Insurance Coverage and Pain Management

Medical InsuranceEvery time someone goes to the doctor, they want to know if the visit and treatment is covered by insurance. Unfortunately, there is no simple answer to that question. In the distant past, care was much simpler and each visit with your family doctor had a small set cost that covered everything preformed.

Today it is a complex financial industry with thousands of players each getting paid, from the insurance industry, to the medical suppliers, to the manufacturers of every widget and needle to lastly, the physician.

The cost of everything gets itemized and factored into the cost of each visit and treatment. The insurance industry and Medicare have complex formulas to figure out how much every service is worth and what can be charged. Unlike going to an auto mechanic who tells you the cost of the parts and labor, the medical industry is very different. A physician can determine how much it will cost in order to provide a service, but each insurance company decides how much they are willing to pay on their end, and the doctor is stuck with that amount. Rarely is a medical service fully reimbursed to the provider; often it is at 30-40 cents on the dollar.

Am I Covered?

The first question on coverage is whether you have medical insurance. Every person now can qualify for insurance and there are a variety of plans available. Total cost and coverage are the remaining issues. The benefit of the Affordable Care Act (nicknamed Obamacare) is now everyone can get medical insurance and no one can be denied. Unfortunately, that means everyone needs to understand the insurance they have purchased, and realize every service provided is set by the coverage that you bought. Most physicians try to work with the patient and insurance to determine the best option in management of any medical problem. To stay in business, most physicians must have specialists in their offices to make sure they have the necessary prior authorizations in order to see and treat an individual.

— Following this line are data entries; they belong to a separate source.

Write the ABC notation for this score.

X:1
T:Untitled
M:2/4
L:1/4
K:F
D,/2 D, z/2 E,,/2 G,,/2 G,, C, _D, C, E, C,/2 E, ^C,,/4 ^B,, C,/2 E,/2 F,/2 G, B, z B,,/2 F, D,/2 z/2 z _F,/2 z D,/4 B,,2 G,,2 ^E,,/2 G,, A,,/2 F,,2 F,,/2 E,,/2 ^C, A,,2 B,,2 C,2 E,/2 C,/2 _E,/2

The insurance industry has set a guideline that a service should be covered if it is deemed medically necessary. The amount of coverage depends on the individual plan, deductibles and co-payments required. Furthermore, the service may need to be approved by a primary physician in addition to the ordering physician, and it may need special approval by an insurance company’s medical expert.

Wait, What?

At this point, most people are totally confused and are concerned about the cost of seeing a doctor. If you have a problem that is not going away, then you should always start with your primary physician. A good history and physical exam should tell most physicians what is wrong and the treatment that will solve 90 percent or more of the problems without expensive intervention. If the problem does not resolve, then involving the next level of experts, tests and treatments may be necessary. Obtaining referrals, checking for authorizations and determining your copays and deductibles are now issues. Both your referring doctor and specialists can help explain the particular costs that may occur if you contact their business offices.

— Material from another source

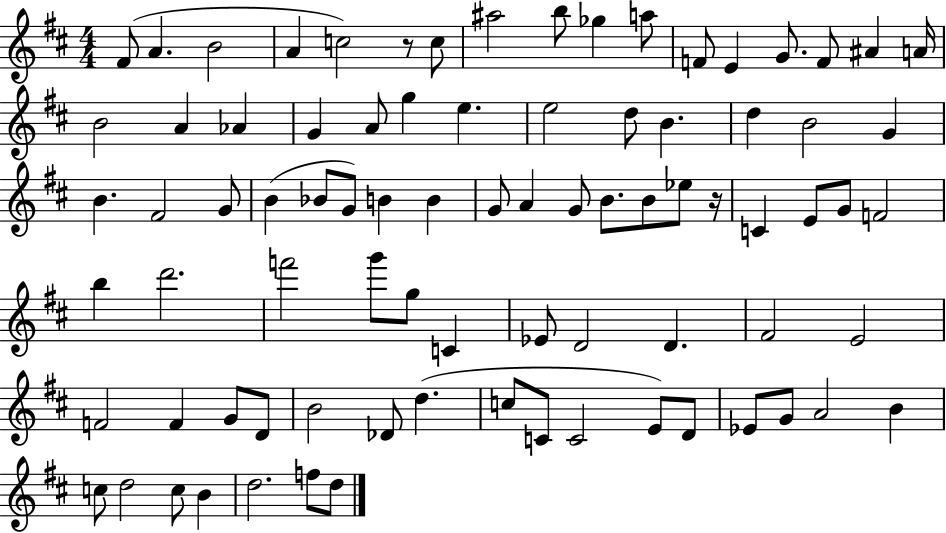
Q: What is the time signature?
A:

If you have insurance, the cost of your medical care is dependent on the insurance coverage, especially the amount each visit costs due to the deductible amount and copay required. Each insurance company sets a reimbursement rate for every conceivable medical service provided. The answer to how much anything will cost you can only come from a physician’s billing office and your insurance company. Unfortunately this is not a simple answer. If you ask a physician how much it will cost you, they will have no idea since they get paid at the whim of each and every insurance payer at different rates for the same services.